Work required:
Go through the listing below and retype exactly the lines starting at the one with "南京鱼嘴湿地公园灯塔晚霞航拍视频下载" and ending at the one with "MrsSandersClass's tweet photo.", skipping pictures.

Exercise materials:
┄┄┄┄┄┄┄┄┄┄

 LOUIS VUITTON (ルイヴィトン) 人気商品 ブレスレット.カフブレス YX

┄┄┄┄┄┄┄┄┄┄

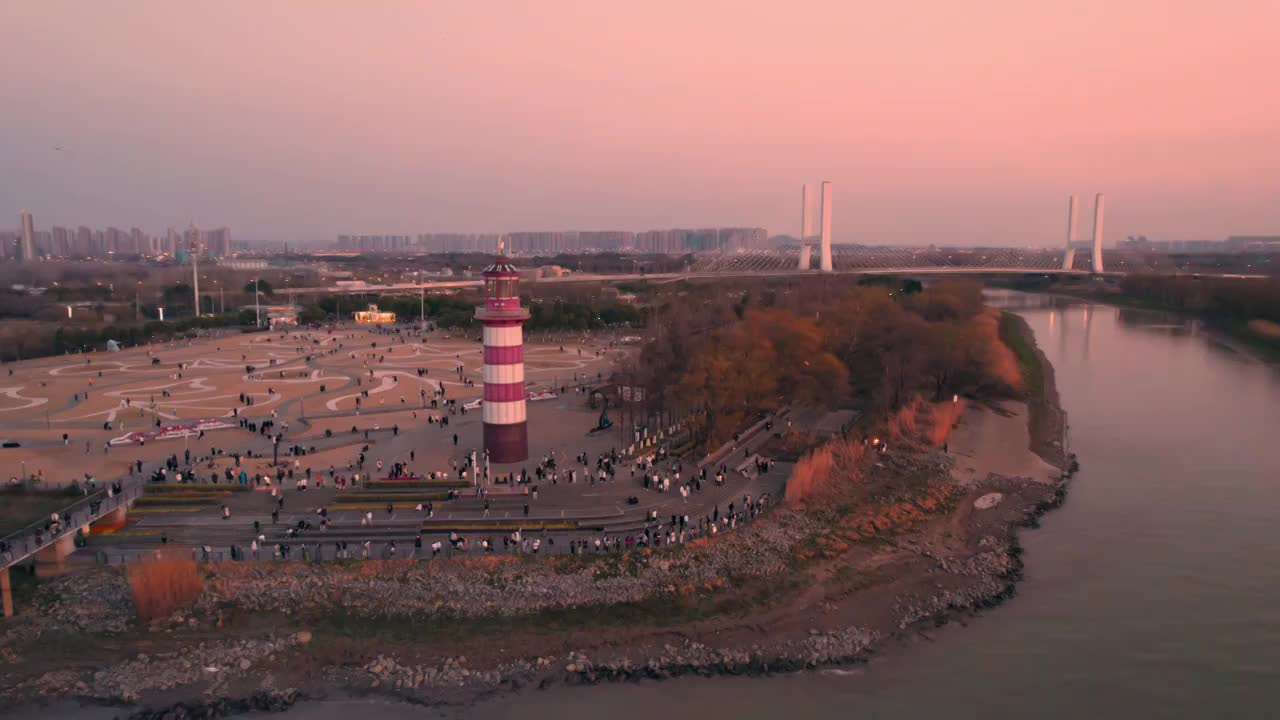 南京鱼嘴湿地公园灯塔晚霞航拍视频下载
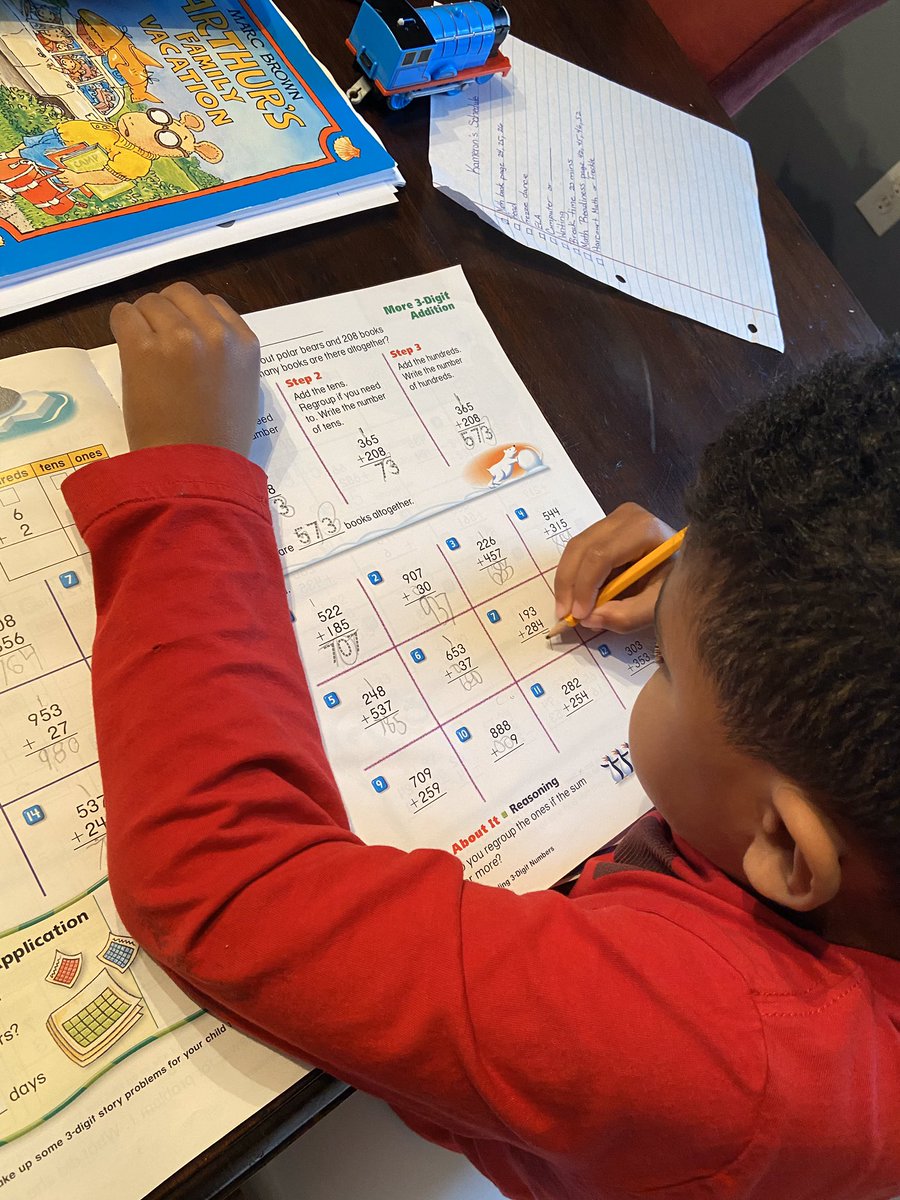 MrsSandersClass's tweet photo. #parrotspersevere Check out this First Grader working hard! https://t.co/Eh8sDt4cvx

┄┄┄┄┄┄┄┄┄┄

Exercise solution:
 南京鱼嘴湿地公园灯塔晚霞航拍视频下载
 MrsSandersClass's tweet photo. #parrotspersevere Check out this First Grader working hard! https://t.co/Eh8sDt4cvx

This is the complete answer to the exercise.